While deep learning models have demonstrated remarkable capabilities in prediction, they still face the following challenges:
(a) Feature extraction and data processing: The raw accelerated aging experimental data often contain substantial redundant information. Directly feeding such data into prediction models can hinder effective fault feature extraction, leading to reduced prediction accuracy and increased computational burden. Therefore, the appropriate data preprocessing and feature extraction methods are required to provide high-quality inputs for subsequent fault prediction tasks.

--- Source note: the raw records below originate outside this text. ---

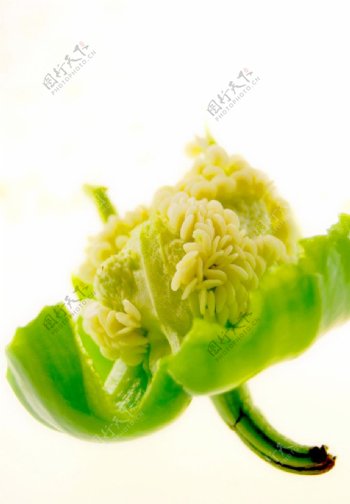 青椒高清晰蔬菜写真图片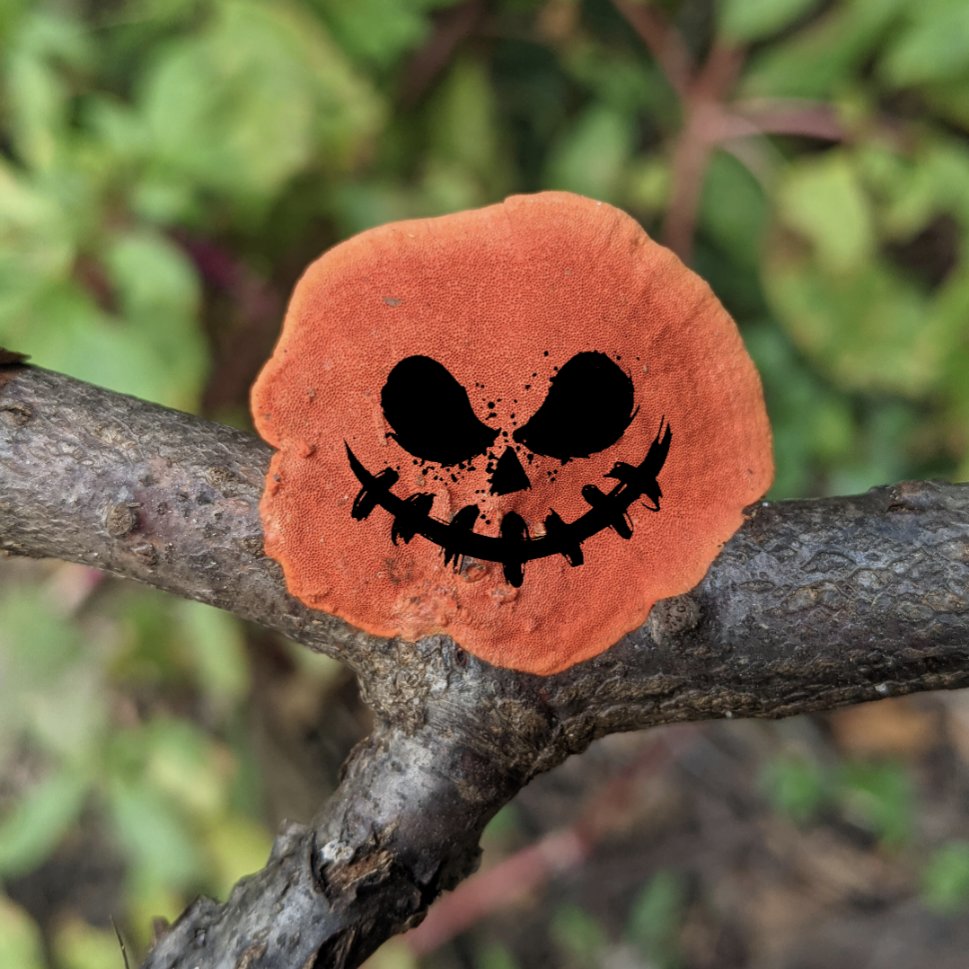 suburbanjungle_'s tweet photo. Cinnabar-polypore-o'-latern https://t.co/wvqpIpSpN9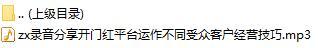 录音分享开门红平台运作不同受众客户经营技巧.rar
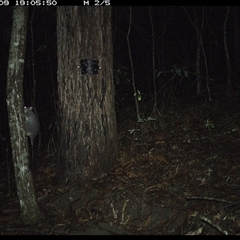 Phascogale tapoatafa (Brush-tailed Phascogale) at Pappinbarra, NSW - 9 Oct 2024 by jonvanbeest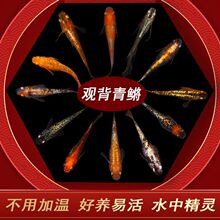 С�����BС���~���^�����F���B�ͻˮ��ˮ�~���^�p�~�������F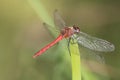 Close-up of a large red dragonfly sitting on a green blade of grass. The insect is photographed from the Royalty Free Stock Photo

(b) Model robustness and generalization: Deep learning models are susceptible to data distribution shifts under complex operating conditions, resulting in potential overfitting or underfitting in fault prediction. Conventional neural networks typically employ fixed activation functions (e.g., ReLU, SiLu), which lack the adaptability to varying data distributions, particularly during the early stages of device aging or under rapidly changing operating conditions, leading to a decline in the prediction accuracy.
(c) Balancing prediction accuracy and computational efficiency: Transformer models exhibit superior performance in capturing global dependencies over long time series through self-attention mechanisms. However, their computational complexity scales quadratically with the sequence length (O(n2)). Furthermore, achieving an optimal performance often requires stacking multiple layers with hundreds of millions of parameters, imposing significant demands on the computational resources and training data. These challenges limit the direct application of standard Transformer models to large-scale IGBT fault prediction tasks. Thus, reducing the computational complexity while maintaining prediction accuracy remains an open problem.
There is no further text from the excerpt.